This is the definitive Sham collection for those looking for something reasonably complete. Video clip and lyrics Hey little rich boy by Sham 69. The liner notes are rudimentary, but the sound is great and so is the price. The band had a large skinhead and hooligan following, which helped set the tone for the Oi movement.
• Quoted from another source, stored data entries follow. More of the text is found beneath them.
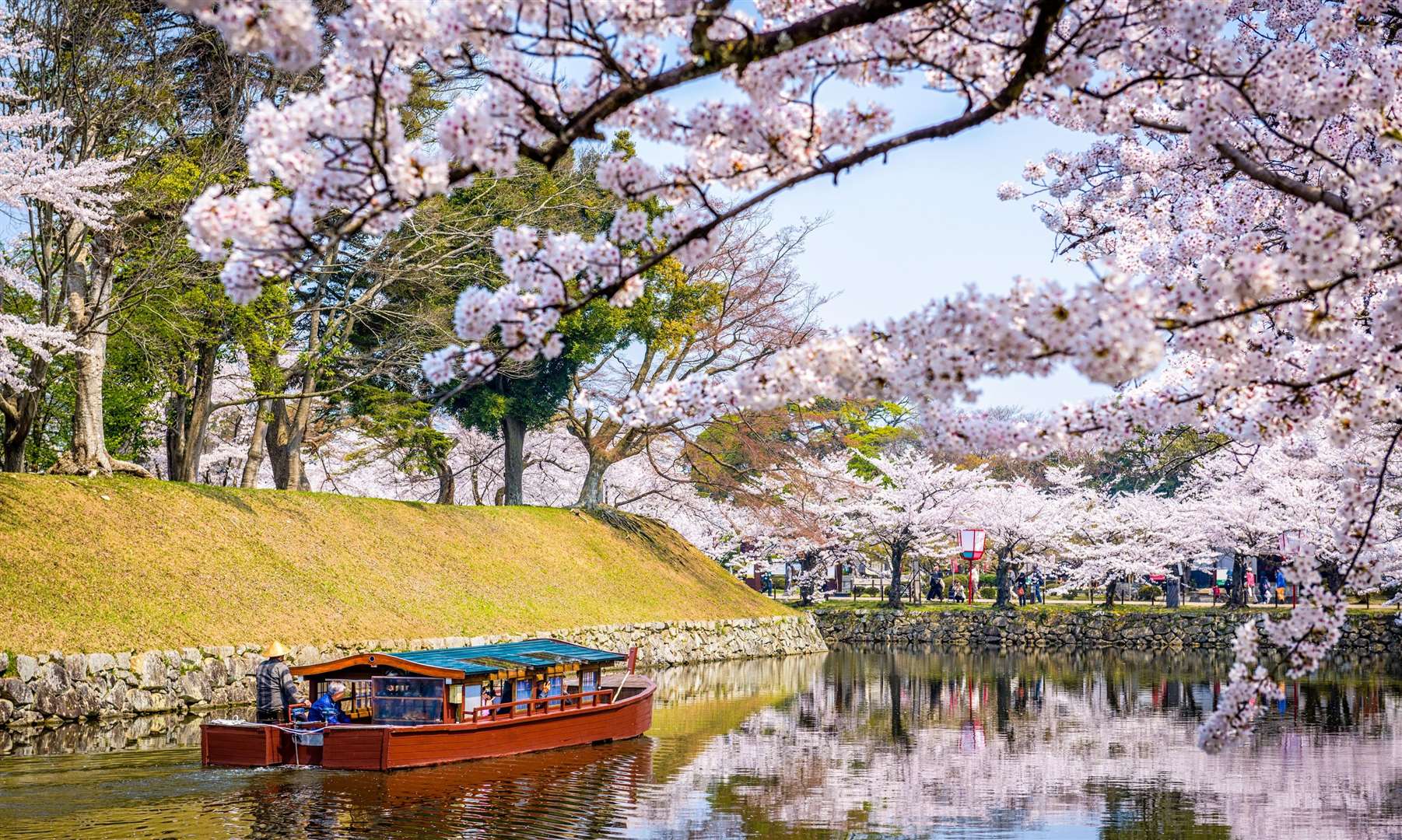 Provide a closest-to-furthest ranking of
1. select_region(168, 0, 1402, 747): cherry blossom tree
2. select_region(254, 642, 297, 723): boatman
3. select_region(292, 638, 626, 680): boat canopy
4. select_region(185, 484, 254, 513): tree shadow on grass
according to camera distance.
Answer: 1. select_region(168, 0, 1402, 747): cherry blossom tree
2. select_region(254, 642, 297, 723): boatman
3. select_region(292, 638, 626, 680): boat canopy
4. select_region(185, 484, 254, 513): tree shadow on grass

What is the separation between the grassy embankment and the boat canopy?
4610 mm

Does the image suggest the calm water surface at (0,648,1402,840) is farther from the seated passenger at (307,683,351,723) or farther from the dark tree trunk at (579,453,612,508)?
the dark tree trunk at (579,453,612,508)

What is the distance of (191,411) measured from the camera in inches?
1107

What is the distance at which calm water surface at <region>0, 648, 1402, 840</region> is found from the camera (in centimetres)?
1151

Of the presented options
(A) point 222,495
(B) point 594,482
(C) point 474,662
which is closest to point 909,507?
(B) point 594,482

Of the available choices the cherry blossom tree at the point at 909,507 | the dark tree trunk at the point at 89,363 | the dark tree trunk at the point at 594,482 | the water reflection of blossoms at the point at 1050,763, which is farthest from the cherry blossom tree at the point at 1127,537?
the dark tree trunk at the point at 89,363

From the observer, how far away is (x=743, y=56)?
4.61 metres

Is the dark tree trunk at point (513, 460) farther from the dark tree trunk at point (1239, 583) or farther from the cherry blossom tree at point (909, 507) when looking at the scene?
the dark tree trunk at point (1239, 583)

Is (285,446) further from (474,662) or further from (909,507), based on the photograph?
(909,507)

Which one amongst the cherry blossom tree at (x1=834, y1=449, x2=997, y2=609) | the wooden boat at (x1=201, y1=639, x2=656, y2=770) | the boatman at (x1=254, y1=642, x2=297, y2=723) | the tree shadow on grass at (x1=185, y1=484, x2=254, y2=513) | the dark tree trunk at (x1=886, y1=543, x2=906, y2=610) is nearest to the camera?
the wooden boat at (x1=201, y1=639, x2=656, y2=770)

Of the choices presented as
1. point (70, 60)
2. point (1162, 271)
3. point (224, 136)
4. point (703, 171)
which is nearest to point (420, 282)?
point (224, 136)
But it hardly matters, since the early material is in such great quantity. Sham 69 lacked the art school background of many rock bands of the time, and brought in football chants, drinking songs and a sort of inarticulate political populism. Sham 69 formed in Hersham, Surrey in 1976 (the 12 November issue of NME notes they were rehearsing at. It's true there are some reunion cuts here, which are not up to par with the best stuff by a long shot. Disc two focuses primarily on album tracks from the band's Polydor recordings and the last one on live material. Disc one does contain all the wild and unruly hits "Angels With Dirty Faces," "If the Kids Are United," "Borstal Breakout," "Hurry Up Harry," "Hersham Boys," "Unite and Win," "Tell the Children," "Cockney Kids Are Innocent," and ten others. The most notorious omission is the band's first single on the Step Forward label, "I Don't Wanna"/"Rip Off," though awesome live versions of those songs from 1979 are on disc three. While the title here, Complete Collection, is somewhat misleading because it doesn't contain everything they recorded, it really is almost everything (and more) you'd ever want. Everyone from the great leftist working-class bands like the Angelic Upstarts and Newtown Neurotics to Nazi punks Skrewdriver and the 4-Skins claimed Sham 69 as an influence. As reviled as they were celebrated, Jimmy Pursey and company were the original boot boys from London's notorious East End, the true Cockney kids, and the lot who inadvertently inspired the loads of Oi! and skinhead punk bands that followed.